I was so charged to get out of the house today that I embarked on a three-mile walk to get to the train station. Let me tell you that this is no small order of business in my town, but being at home makes me crazy. The bickering with Mom & Pop has been steadily escalating since sobriety happened, and I'm crazy anxious about the massive amount of time we're going to spending together. We haven't spent this much consecutive time together in about a decade (yep, that's right). It makes me want to gnaw through my wrist bone. Somehow I will get through this, and somehow I am going to do it without (a) drinking (b) smoking and hopefully (c) a murder-suicide. It's a lot harder for me to handle my parents dead sober.
WonderWoman told me that I've lost at least one blog reader because I've gotten too depressing. She also asked me one night if I was bored, because I seemed bored, thus pandering to two of my worst fears about sobriety, that I would become boring and depressing. I know she didn't mean to do this, but hey, there it is. I don't know what to say to that. I hate the idea that my adventures in booze are so much more entertaining than my repetitive battles with reality.
I've been distracting myself by thinking of how I'm going to de-stress following two weeks of vacation with M&P. I've become totally obsessed with the idea of going to Big Bend National Park in southwest Texas. I really want to go to the desert, and have some kind of near-death-by- dehydration experience. I know this is totally specific, but I envision this as being a kind of natural high, and remember that I'm totally fucken sober, and I could really go for some kind of out-of-body experience. I imagine that almost dying of thirst in the desert would get me very close to the kind of high that I need lately. Maybe I would have some kind of epiphany. I am a big fan of epiphanies. I would be like "Oh my god, everything is going to be okay. No wait, everything is okay." That is the kind of epiphany I want. That is what, I think, my adventures in booze gave to me most nights.

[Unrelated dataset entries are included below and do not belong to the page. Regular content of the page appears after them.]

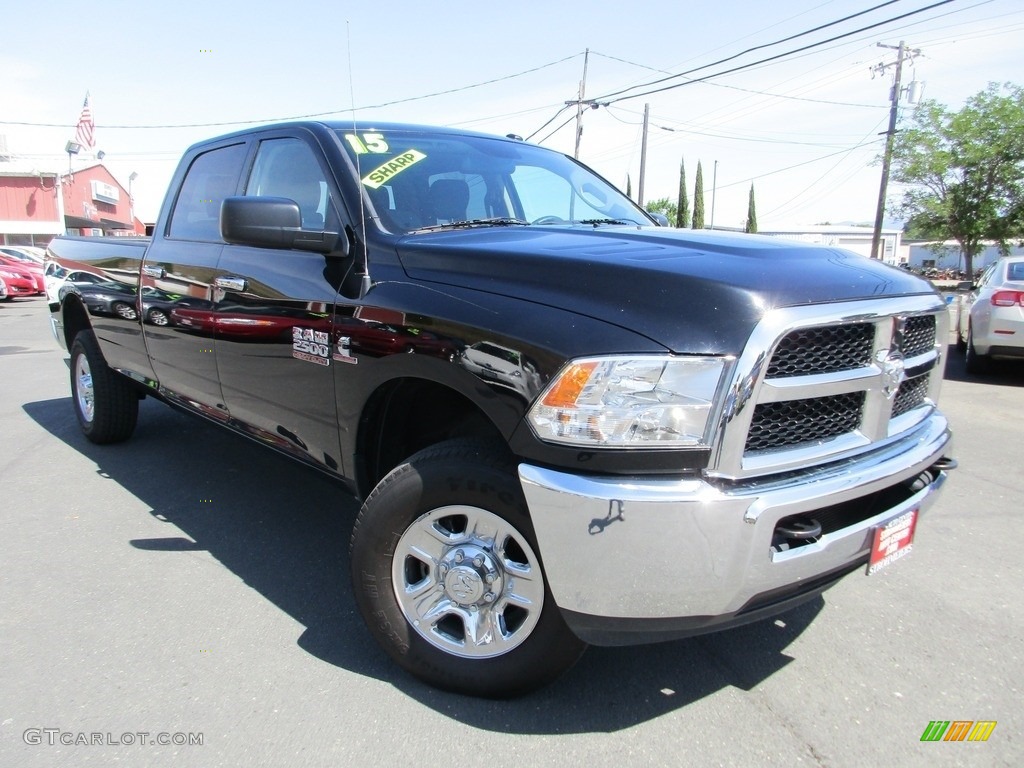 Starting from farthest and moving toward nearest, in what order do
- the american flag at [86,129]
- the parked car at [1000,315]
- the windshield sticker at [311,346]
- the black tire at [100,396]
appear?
the american flag at [86,129] → the parked car at [1000,315] → the black tire at [100,396] → the windshield sticker at [311,346]

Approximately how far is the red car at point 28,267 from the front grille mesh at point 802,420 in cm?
2385

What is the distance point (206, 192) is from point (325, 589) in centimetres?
223

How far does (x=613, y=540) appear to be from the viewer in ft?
6.14

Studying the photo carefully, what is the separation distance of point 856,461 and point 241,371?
8.18ft

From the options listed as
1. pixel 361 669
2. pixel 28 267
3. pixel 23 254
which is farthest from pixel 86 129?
pixel 361 669

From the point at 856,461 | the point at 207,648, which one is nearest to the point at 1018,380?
the point at 856,461

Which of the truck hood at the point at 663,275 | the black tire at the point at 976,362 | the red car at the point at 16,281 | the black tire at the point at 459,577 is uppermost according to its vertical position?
the truck hood at the point at 663,275

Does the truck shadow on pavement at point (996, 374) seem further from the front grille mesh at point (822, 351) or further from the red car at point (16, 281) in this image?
the red car at point (16, 281)

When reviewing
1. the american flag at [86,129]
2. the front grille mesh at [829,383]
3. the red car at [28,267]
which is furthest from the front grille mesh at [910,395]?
the american flag at [86,129]

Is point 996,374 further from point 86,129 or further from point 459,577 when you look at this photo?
point 86,129

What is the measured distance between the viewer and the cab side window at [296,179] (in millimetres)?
3014

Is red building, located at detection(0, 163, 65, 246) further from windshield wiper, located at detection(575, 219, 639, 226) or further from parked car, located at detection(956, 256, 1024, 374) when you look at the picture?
windshield wiper, located at detection(575, 219, 639, 226)

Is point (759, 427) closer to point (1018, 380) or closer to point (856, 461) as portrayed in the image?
point (856, 461)

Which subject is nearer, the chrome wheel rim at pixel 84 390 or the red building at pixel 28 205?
the chrome wheel rim at pixel 84 390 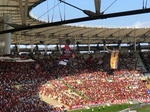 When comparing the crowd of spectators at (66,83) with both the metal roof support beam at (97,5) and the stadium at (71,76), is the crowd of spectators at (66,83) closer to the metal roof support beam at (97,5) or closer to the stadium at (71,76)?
the stadium at (71,76)

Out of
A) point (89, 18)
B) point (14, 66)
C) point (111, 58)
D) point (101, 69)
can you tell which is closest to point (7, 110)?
point (14, 66)

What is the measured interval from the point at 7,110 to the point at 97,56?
1214 inches

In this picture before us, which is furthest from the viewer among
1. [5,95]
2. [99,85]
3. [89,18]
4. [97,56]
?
[97,56]

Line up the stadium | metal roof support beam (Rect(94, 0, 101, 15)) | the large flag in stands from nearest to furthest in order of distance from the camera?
metal roof support beam (Rect(94, 0, 101, 15)) < the stadium < the large flag in stands

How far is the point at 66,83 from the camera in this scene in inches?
1841

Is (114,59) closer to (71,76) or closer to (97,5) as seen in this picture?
(71,76)

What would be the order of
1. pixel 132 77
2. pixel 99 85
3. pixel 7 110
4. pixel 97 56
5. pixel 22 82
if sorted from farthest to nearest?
pixel 97 56 → pixel 132 77 → pixel 99 85 → pixel 22 82 → pixel 7 110

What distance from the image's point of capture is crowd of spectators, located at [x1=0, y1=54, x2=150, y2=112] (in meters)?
36.0

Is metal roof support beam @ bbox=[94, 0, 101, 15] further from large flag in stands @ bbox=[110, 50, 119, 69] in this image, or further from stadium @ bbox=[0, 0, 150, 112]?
large flag in stands @ bbox=[110, 50, 119, 69]

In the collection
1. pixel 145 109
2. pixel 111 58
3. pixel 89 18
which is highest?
pixel 89 18

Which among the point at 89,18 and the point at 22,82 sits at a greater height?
the point at 89,18

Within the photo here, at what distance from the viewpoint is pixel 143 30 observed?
54031mm

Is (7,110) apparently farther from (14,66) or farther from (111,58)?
(111,58)

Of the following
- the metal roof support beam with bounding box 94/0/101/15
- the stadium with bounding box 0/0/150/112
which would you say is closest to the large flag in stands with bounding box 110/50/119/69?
the stadium with bounding box 0/0/150/112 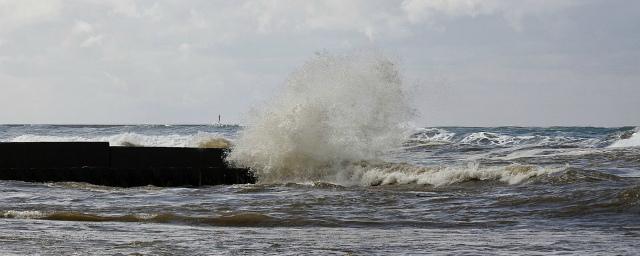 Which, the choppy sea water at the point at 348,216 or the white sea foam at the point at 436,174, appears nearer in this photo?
the choppy sea water at the point at 348,216

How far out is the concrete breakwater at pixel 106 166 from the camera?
13.3 meters

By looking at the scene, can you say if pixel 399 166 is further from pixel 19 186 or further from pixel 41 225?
pixel 41 225

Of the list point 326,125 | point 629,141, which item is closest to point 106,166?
point 326,125

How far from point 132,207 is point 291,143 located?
244 inches

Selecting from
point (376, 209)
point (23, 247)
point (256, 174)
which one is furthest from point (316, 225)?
point (256, 174)

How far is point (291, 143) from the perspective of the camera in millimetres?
16016

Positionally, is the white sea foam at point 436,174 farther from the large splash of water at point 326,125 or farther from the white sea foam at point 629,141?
the white sea foam at point 629,141

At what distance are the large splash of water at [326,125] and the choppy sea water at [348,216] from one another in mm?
1348

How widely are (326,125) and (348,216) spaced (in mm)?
7180

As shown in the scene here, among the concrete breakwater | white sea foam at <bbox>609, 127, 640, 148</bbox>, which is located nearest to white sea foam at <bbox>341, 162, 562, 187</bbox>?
the concrete breakwater

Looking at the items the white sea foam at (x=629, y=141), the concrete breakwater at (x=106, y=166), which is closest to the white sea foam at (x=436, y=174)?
the concrete breakwater at (x=106, y=166)

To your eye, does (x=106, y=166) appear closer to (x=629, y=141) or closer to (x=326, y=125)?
(x=326, y=125)

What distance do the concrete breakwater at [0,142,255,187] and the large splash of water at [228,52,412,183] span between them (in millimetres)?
1050

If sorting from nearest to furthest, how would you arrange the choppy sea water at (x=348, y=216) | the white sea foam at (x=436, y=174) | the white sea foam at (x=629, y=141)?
the choppy sea water at (x=348, y=216) → the white sea foam at (x=436, y=174) → the white sea foam at (x=629, y=141) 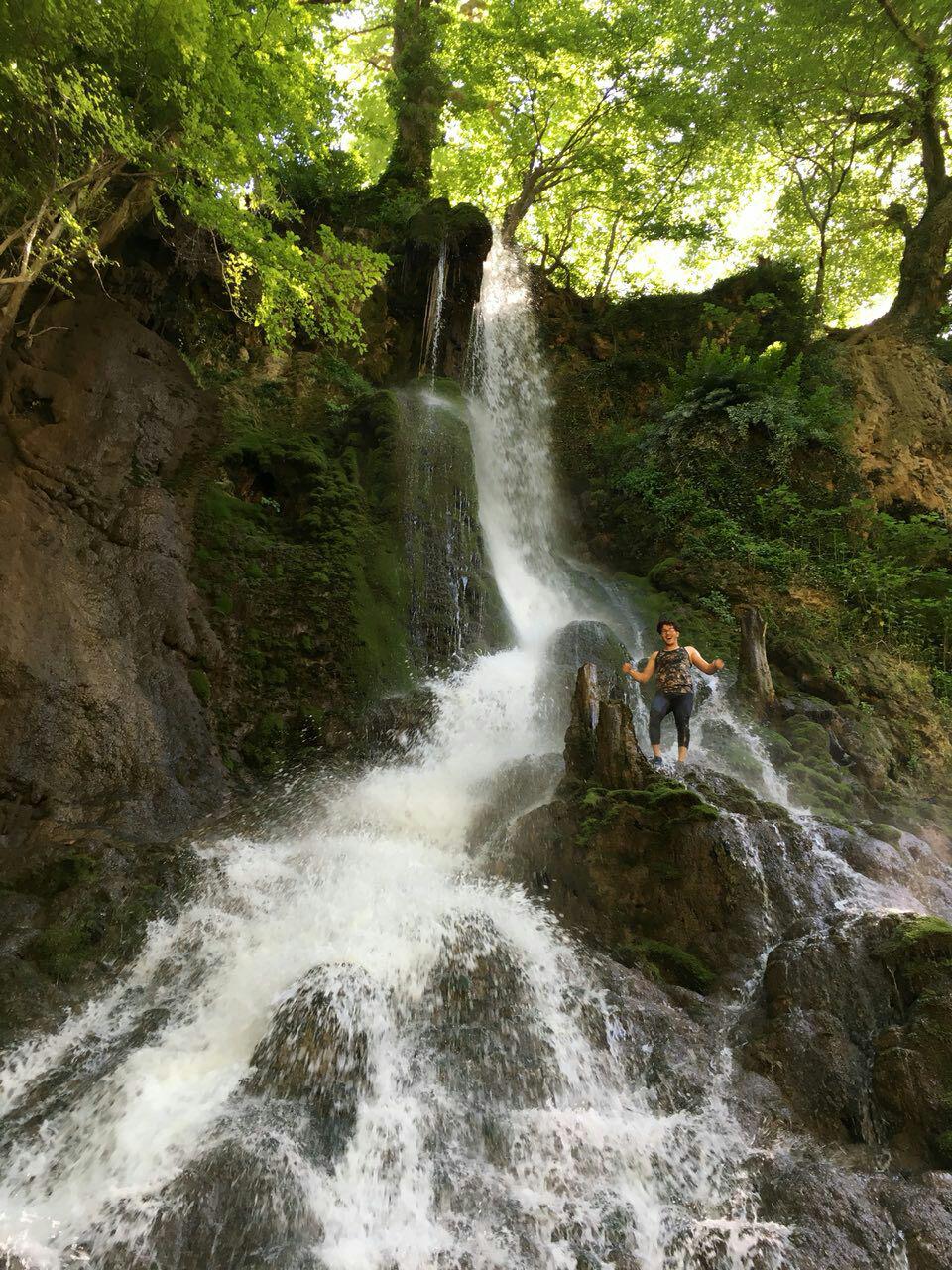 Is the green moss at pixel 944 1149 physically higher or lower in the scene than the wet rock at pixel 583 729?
lower

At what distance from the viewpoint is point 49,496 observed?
705cm

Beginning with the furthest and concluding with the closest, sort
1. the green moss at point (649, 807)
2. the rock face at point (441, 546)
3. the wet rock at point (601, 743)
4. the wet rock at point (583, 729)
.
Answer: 1. the rock face at point (441, 546)
2. the wet rock at point (583, 729)
3. the wet rock at point (601, 743)
4. the green moss at point (649, 807)

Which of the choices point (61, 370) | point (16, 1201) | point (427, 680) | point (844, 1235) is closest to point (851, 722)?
point (427, 680)

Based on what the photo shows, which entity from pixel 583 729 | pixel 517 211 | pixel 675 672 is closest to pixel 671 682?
pixel 675 672

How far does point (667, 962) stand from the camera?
5.16 meters

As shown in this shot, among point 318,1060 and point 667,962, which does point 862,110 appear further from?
point 318,1060

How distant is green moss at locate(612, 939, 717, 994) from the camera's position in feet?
16.5

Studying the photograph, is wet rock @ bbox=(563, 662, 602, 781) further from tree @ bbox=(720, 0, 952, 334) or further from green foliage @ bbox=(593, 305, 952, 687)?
tree @ bbox=(720, 0, 952, 334)

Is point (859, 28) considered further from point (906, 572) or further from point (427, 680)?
point (427, 680)

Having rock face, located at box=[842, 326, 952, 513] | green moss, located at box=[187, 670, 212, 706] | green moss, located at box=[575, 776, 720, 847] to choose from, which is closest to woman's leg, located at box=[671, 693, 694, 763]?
green moss, located at box=[575, 776, 720, 847]

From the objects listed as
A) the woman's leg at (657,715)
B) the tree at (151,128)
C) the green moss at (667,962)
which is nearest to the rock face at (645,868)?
the green moss at (667,962)

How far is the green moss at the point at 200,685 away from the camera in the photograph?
7359mm

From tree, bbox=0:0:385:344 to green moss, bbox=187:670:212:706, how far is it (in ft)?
12.4

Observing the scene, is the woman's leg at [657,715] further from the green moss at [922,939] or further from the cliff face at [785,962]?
the green moss at [922,939] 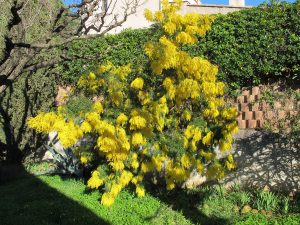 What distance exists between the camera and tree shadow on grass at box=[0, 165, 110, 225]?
699cm

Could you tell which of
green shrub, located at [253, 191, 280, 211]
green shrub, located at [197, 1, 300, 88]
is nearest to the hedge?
green shrub, located at [197, 1, 300, 88]

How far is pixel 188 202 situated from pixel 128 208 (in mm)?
1217

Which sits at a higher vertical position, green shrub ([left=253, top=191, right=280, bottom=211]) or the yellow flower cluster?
the yellow flower cluster

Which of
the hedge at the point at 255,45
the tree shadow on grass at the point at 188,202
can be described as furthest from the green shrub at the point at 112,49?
the tree shadow on grass at the point at 188,202

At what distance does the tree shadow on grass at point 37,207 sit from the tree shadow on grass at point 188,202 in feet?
5.02

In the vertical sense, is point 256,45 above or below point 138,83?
above

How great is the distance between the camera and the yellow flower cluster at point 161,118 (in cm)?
709

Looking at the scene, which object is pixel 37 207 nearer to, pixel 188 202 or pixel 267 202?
pixel 188 202

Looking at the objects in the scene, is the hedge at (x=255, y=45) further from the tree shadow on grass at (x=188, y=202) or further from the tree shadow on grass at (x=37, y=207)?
the tree shadow on grass at (x=37, y=207)

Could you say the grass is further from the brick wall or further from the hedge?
the hedge

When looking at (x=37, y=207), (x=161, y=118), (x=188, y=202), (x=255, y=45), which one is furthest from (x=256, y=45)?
(x=37, y=207)

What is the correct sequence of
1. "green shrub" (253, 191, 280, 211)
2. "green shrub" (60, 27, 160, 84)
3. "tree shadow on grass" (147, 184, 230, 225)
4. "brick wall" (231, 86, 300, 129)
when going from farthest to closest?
"green shrub" (60, 27, 160, 84), "brick wall" (231, 86, 300, 129), "green shrub" (253, 191, 280, 211), "tree shadow on grass" (147, 184, 230, 225)

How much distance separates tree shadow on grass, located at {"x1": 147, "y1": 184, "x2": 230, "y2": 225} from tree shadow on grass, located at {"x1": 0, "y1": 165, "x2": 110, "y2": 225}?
5.02 feet

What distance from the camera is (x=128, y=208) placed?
302 inches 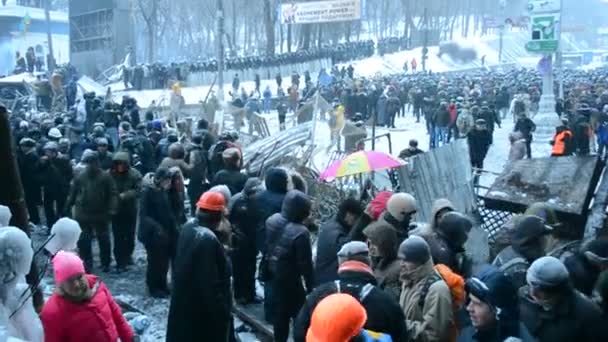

M&P do not think it is a good idea for me to spend a week camping by myself in the desert. This is understandable, because I've only been camping a handful of times in my life, and always in the company of some burly dudes. But this lack of faith, of course, makes me hate them. This is why I hate coming home. Instead of having a dick and flying a plane, I am like a eunuch without a driver's license. Everything I've done in the past fifteen years evaporates and all I want to do is run away from home, or smoke cigarettes in the bathroom and read comic books.
But, back to Big Bend. I talked to Ex the other day, as I waited for my flight home, and he was interested in coming camping with me. Camping with Ex is fun. In fact, most of my camping experiences have been with Ex. He's been to Big Bend before. He would be a great sherpa. He would probably make sure that my near-death wish doesn't accidentally go 100 percent.
Or maybe I should come home to the NY. I miss it already. Funny when you realize a place has truly become home. Even when you don't really want it to, because it's so cold. Then you go someplace even colder.